И весь день не хочется уходить со двора! Все радует. Забредешь ли на двор, где около яслей дремлют, изредка глубоко вздыхая и раздувая бока, меланхоличные коровы, бродят похудевшие за зиму лошади и жмутся в кучу овцы; пройдешь ли на гумно и слышишь по дороге, как возятся и трещат воробьи в кустах акаций, как они вдруг снимаются всей своей шумной стаей и дождем сыплются на крышу риги, — все радует... А на гумне, в затишье скирдов и соломенных валов, забитых снегом, особенно уютно. Хорошо полежать под солнцем в омете, в соломе, которая так резко пахнет мышами и снегом!

И весь праздник проходил у меня в этом очаровании солнечными днями, в светлых грезах о близкой весне. Забудешь, бывало, об уроках, забудешь даже лыжи, и все сидишь в освещенной солнцем зале, все глядишь на далекие, снежные поля, которые уже блестят по-весеннему золотистою слюдою крепкого наста.

Окончание следует...
В ДЕРЕВНЕ
(Окончание)

III

— Ну, не скучай смотри, — говорил отец, когда, наконец, меня снова снаряжали в город. — Теперь и не увидишь, как наступит весна. Каких-нибудь два месяца, а там и святая, и лето. Приедешь тогда, — жеребчика верхового тебе подарю, будем верхом вместе ездить, за перепелами ходить...

Мне было очень грустно покидать родной дом, но я вполне соглашался с отцом: теперь уж скоро весна!

— А ведь правда, папа, совсем весной пахнет! — говорил и я, когда утром мы садились в сани, переваливались в воротах через высокий сугроб, набитый вчерашней метелью, и глубоко вздыхали свежим ветром с запахом молодого снега.
— А ты любишь весну? — спрашивал отец с улыбкой.
— Люблю, пана! Очень люблю!
— А деревню любишь?
— Конечно, люблю...
— Это хорошо, — прибавлял отец. — Когда ты вырастешь, ты поймешь, что человек должен жить поближе к природе, любить родные поля, воздух, солнце, небо... Это неправда, будто в деревне скучно. Бедности в деревне много — вот это правда, и, значит, надо делать так, чтобы было поменьше этой бедности, — помогать деревенским людям, трудиться с ними и для них... И хорошо можно жить в деревне!
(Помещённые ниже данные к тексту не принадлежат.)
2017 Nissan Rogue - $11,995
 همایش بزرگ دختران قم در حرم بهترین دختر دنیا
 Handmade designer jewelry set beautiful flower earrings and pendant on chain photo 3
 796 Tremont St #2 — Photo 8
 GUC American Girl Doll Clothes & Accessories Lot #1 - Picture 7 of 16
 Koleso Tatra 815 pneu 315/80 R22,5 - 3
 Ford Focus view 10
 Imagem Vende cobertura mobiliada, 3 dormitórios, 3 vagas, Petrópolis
«Правда, правда! — думаю я. — В городе даже весною не пахнет. А вот тут пахнет. И проруби вон уже почернели, оттаивать стали...»

Мы проезжаем по большому селу над рекою, и я спешу наглядеться на все деревенское.

Кругом чернеют среди сугробов грязные избы; но скоро сугробы растают, и даже эти бедные избы станут чистенькими и веселыми. Да и теперь весело в них, особенно в тех, кирпичных, где живут зажиточные семьи. И с каким удовольствием входил я в такую избу, когда мы останавливались покормить лошадей!

В кирпичных избах у богатых мужиков всегда сыро, угар зеленоватым паром стоит в теплом воздухе, на иолу — мокрая солома, но всегда аппетитно пахнет хлебами, народу много, и все за работой: кто отрывисто гудит тетивой, которая бьет и вздымает пушистую белую «волну»; кто чинит хомут, с внезапной решительностью раздергивая в разные стороны пропущенную в кожу дратву; а бывалый человек, портной, в жилетке, утыканной иголками, и с мотком ниток на шее, забавляет всех россказнями. Сидя на конике, скорчившись, — одна нога под себя, а колено другой поднято почти к самому лицу, — и ухитряясь держать большим пальцем босой ноги край сукна или овчины, он пристально шьет, но говорит не смолкая и при этом задумчиво улыбается веселыми, умными глазами, встряхивая со лба волосы и вдевая на свет нитку в иголку. И все глядят на него дружелюбно. Он везде свой человек, даже для детей, которых он нянчит по вечерам на руках, дает им брать себя за бороду, а потом вдруг щелкнет зубами, гамкнет, как собака, и схватит ртом детскую ручонку, отчего ребенок, с замиранием сердца ждавший шутки, радостно взвизгивает и заливается смехом...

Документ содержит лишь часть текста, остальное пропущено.